Die Beschwerde wird abgewiesen.
Begründung
Entscheidungsgründe:
1.1. Mit Vertrag vom kaufte der nunmehrige Beschwerdeführer die in der Einlagezahl 24 Grundbuch 07009 Grillenstein liegende Waldfläche von etwa 7 ha um einen Kaufpreis von € 17.400,-. In § 2 dieses Vertrages ist ausdrücklich festgehalten, "dass der auf den Waldgrundstücken stehende Holzvorrat nicht Gegenstand dieses Kaufvertrages ist." Die Verkäuferin wurde durch ihre Sachwalterin vertreten. Dieselben Parteien schlossen am selben Tag darüber hinaus einen Kaufvertrag über den "stehenden Holzvorrat" ab. Kaufgegenstand ist sämtliches Rundholz am Stock, das sich auf der oben genannten Waldfläche befindet. Beide Verträge wurden pflegschaftsgerichtlich genehmigt.

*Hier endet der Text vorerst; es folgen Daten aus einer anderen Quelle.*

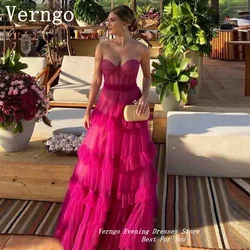 Verngo Rose Pink Tiered Prom Gowns For Women Fuchia Party Dress Sweetheart A Line Evening Dress Sleeveless Ruchede Formal Dress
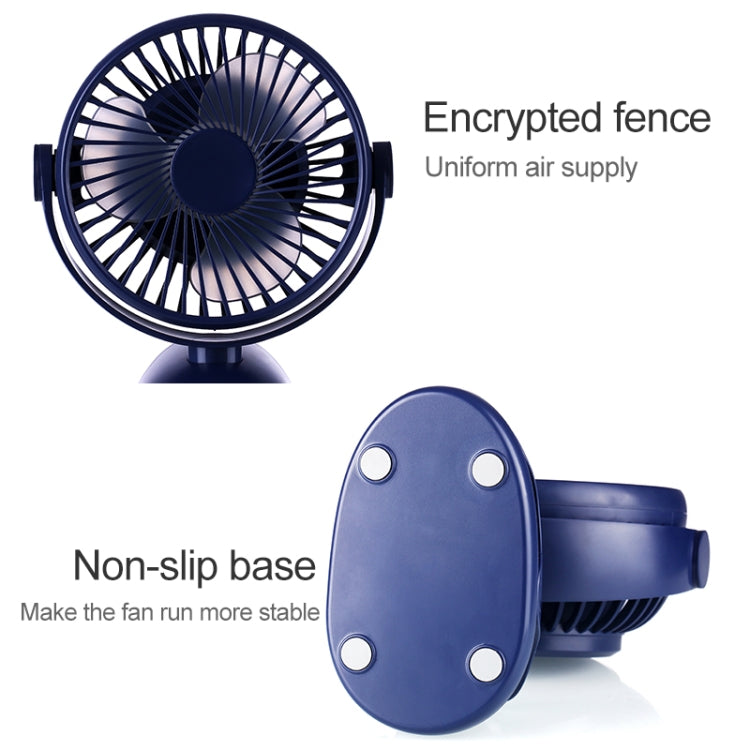 OCUBE D603 4W USB Charging Portable Desktop Fan Clip Fan,  with 4 Speed Control (Sapphire Blue)
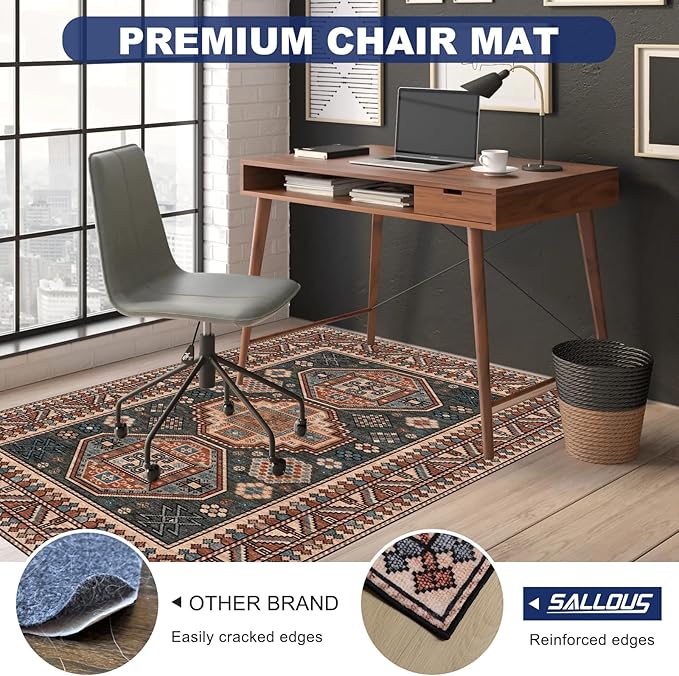 SALLOUS Chair Mat for Hard Floors, 36" x 48" Office Chair Mat for Hardwood Floor, 0.16'' Thicker Slip Resistant Floor Protector Desk Rug for Home, Floor Mat for Gaming Chairs (Vintage Red-Brown)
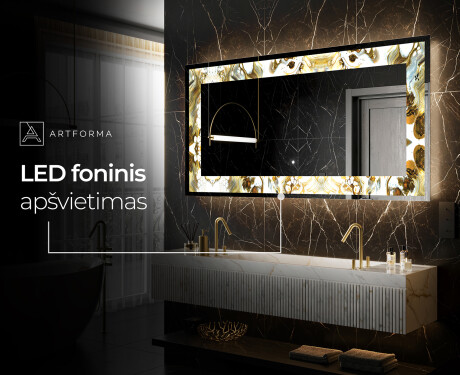 Apšviečiamas dekoratyvinis veidrodis LED - Golden Streaks #9
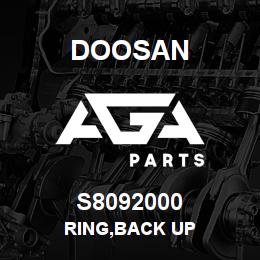 S8092000 Doosan RING,BACK UP | AGA Parts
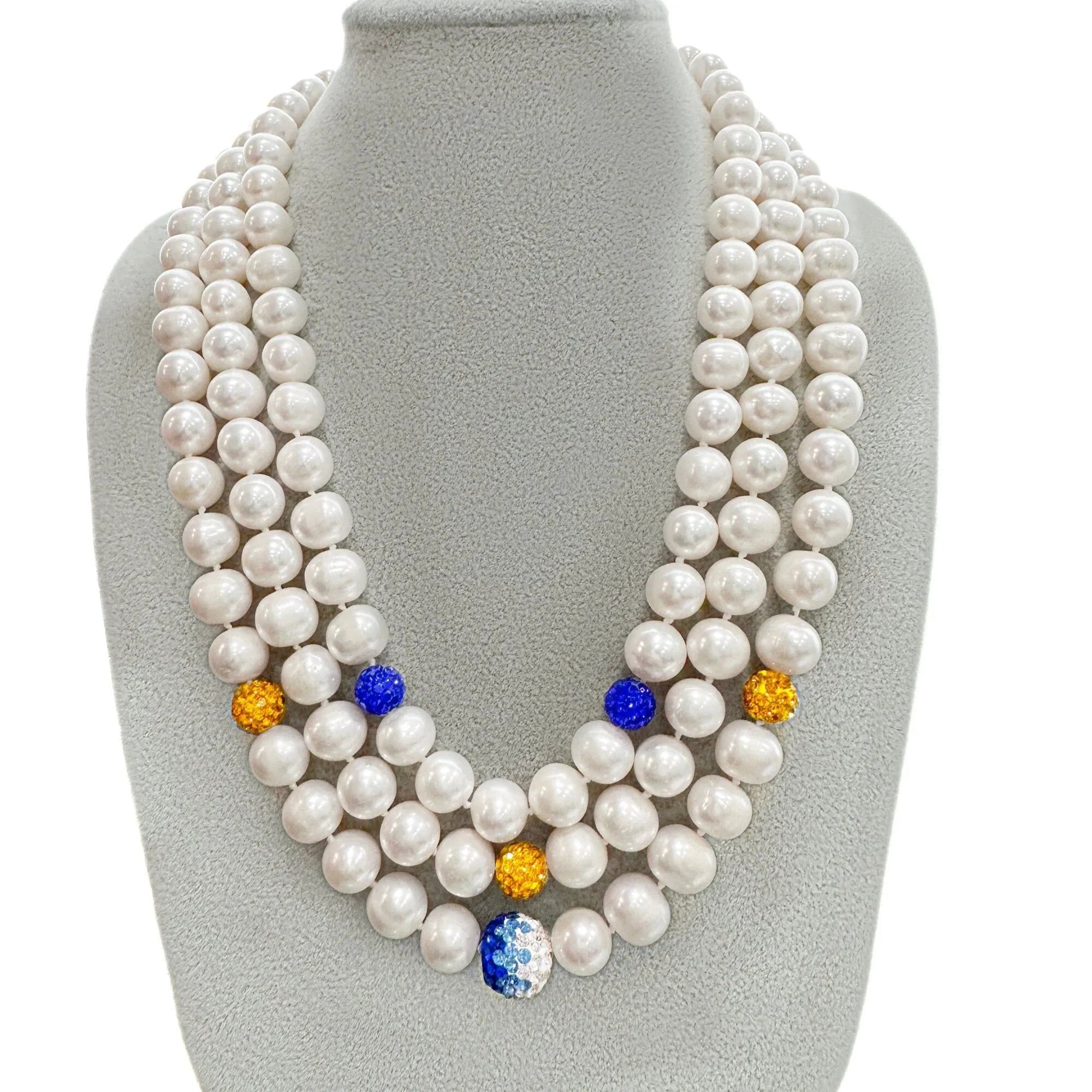 SGRHO 3 Strand Fireball Pearl Necklace - Gratia Pearl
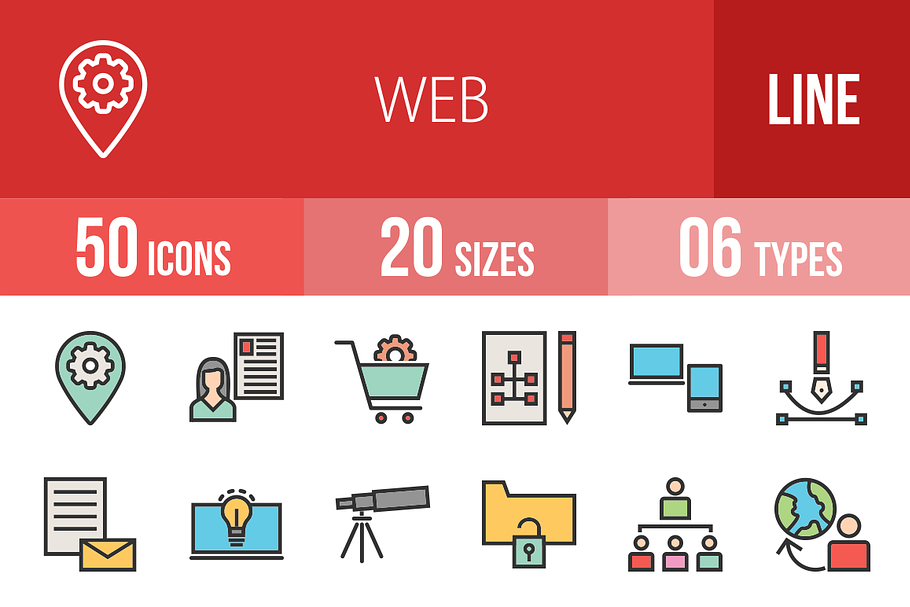 50 Web Line Filled Icons
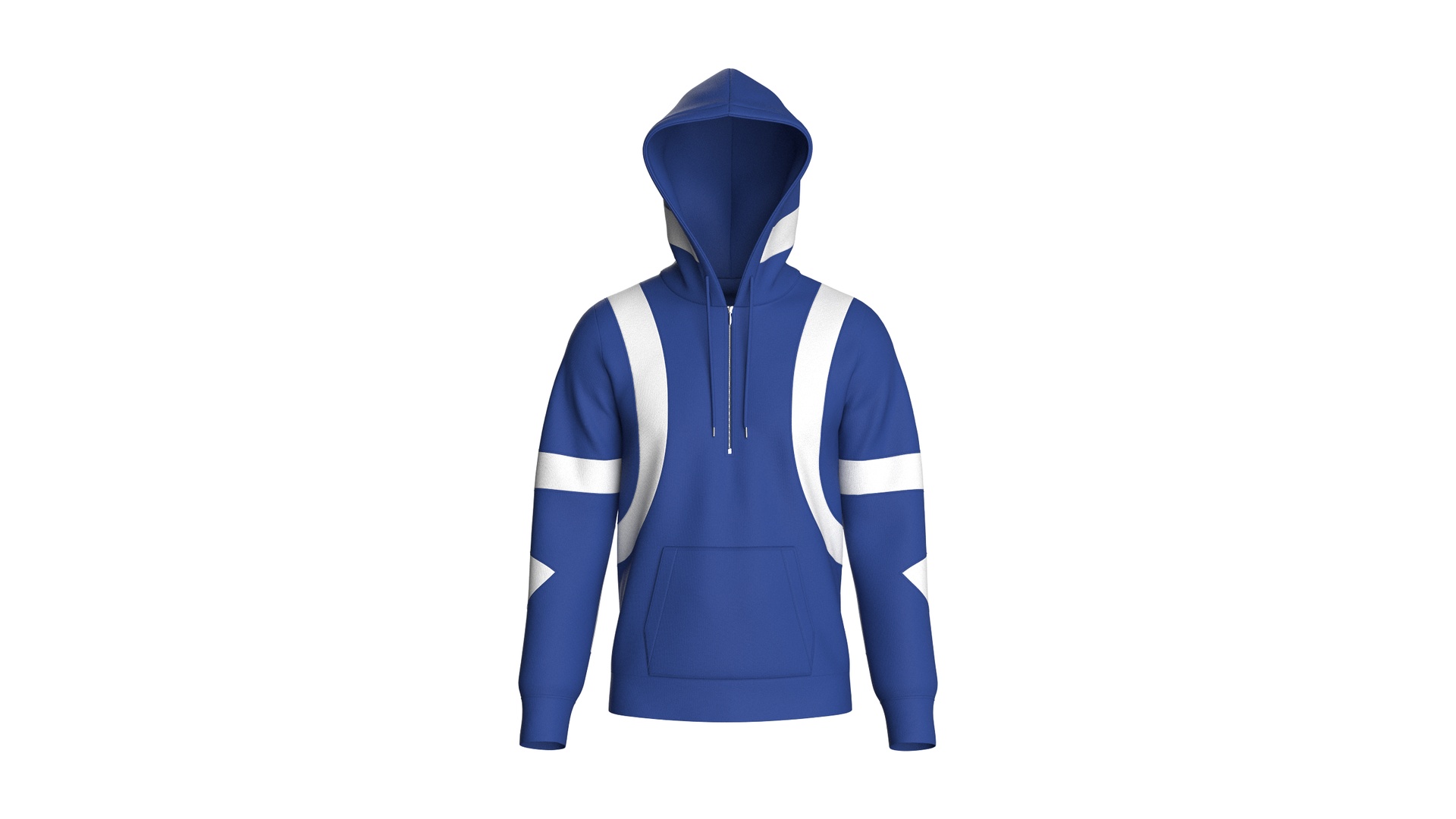Media 1 for listing Men Royal Blue And White Half - Zip Hoodie | High Poly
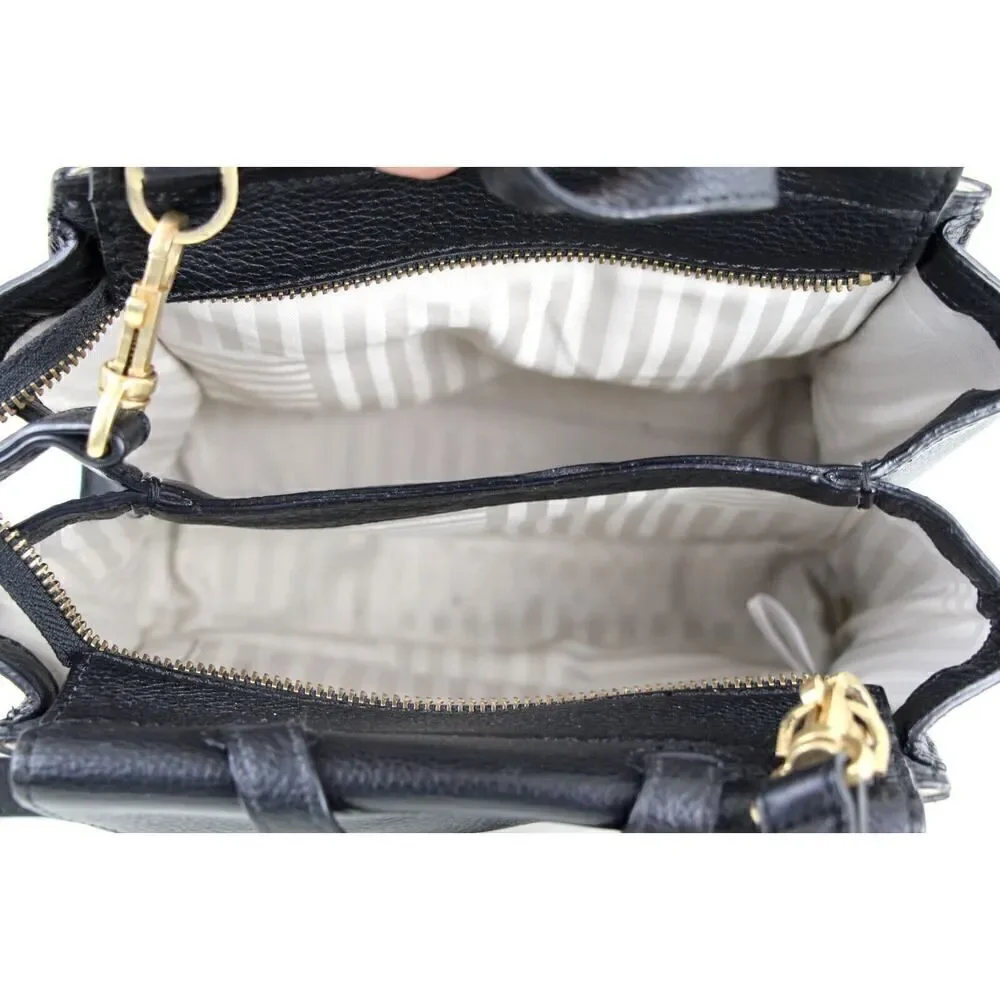 kate spade Saturday BLACK LEATHER POLKA DOT SHOULDER BAG XBODY SATCHEL PURSE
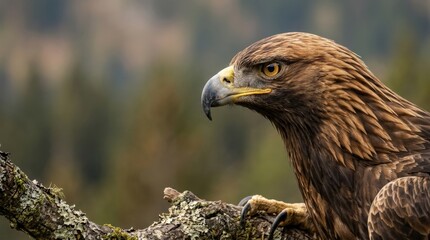 Fototapeta premium Golden eagle profile showing majestic strength in close up, powerful wildlife portrait with sharp detail, commercial stock appeal, balanced composition, soft natural light, realistic texture, crisp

1.2. Der Antrag auf grundverkehrsbehördliche
Genehmigung des Kaufvertrages über die Waldgrundstücke ohne den stehenden Holzvorrat wurde von der Bezirkshauptmannschaft Gmünd mit Bescheid vom zurückgewiesen, weil sie den Kaufvertrag als nichtig und damit nicht genehmigungsfähig qualifizierte. Hinsichtlich des Kaufvertrages über den "stehenden Holzvorrat" suchte der Beschwerdeführer nicht um grundverkehrsbehördliche Genehmigung an. Die gegen den Zurückweisungsbescheid erhobene Berufung wurde von der NÖ Grundverkehrslandeskommission als unbegründet abgewiesen.
1.3. Gegen diese Entscheidung richtet sich die gemäß Art 144 B-VG erhobene Beschwerde, in der der Beschwerdeführer die Verletzung im verfassungsgesetzlich gewährleisteten Recht auf ein Verfahren vor dem gesetzlichen Richter und im "rechtsstaatlichen Prinzip" behauptet und die kostenpflichtige Aufhebung der angefochtenen Entscheidung beantragt.
1.4. Die belangte Behörde legte die Verwaltungsakten vor und erstattete eine Gegenschrift, in der sie die angefochtene Entscheidung verteidigt und die Abweisung der Beschwerde beantragt.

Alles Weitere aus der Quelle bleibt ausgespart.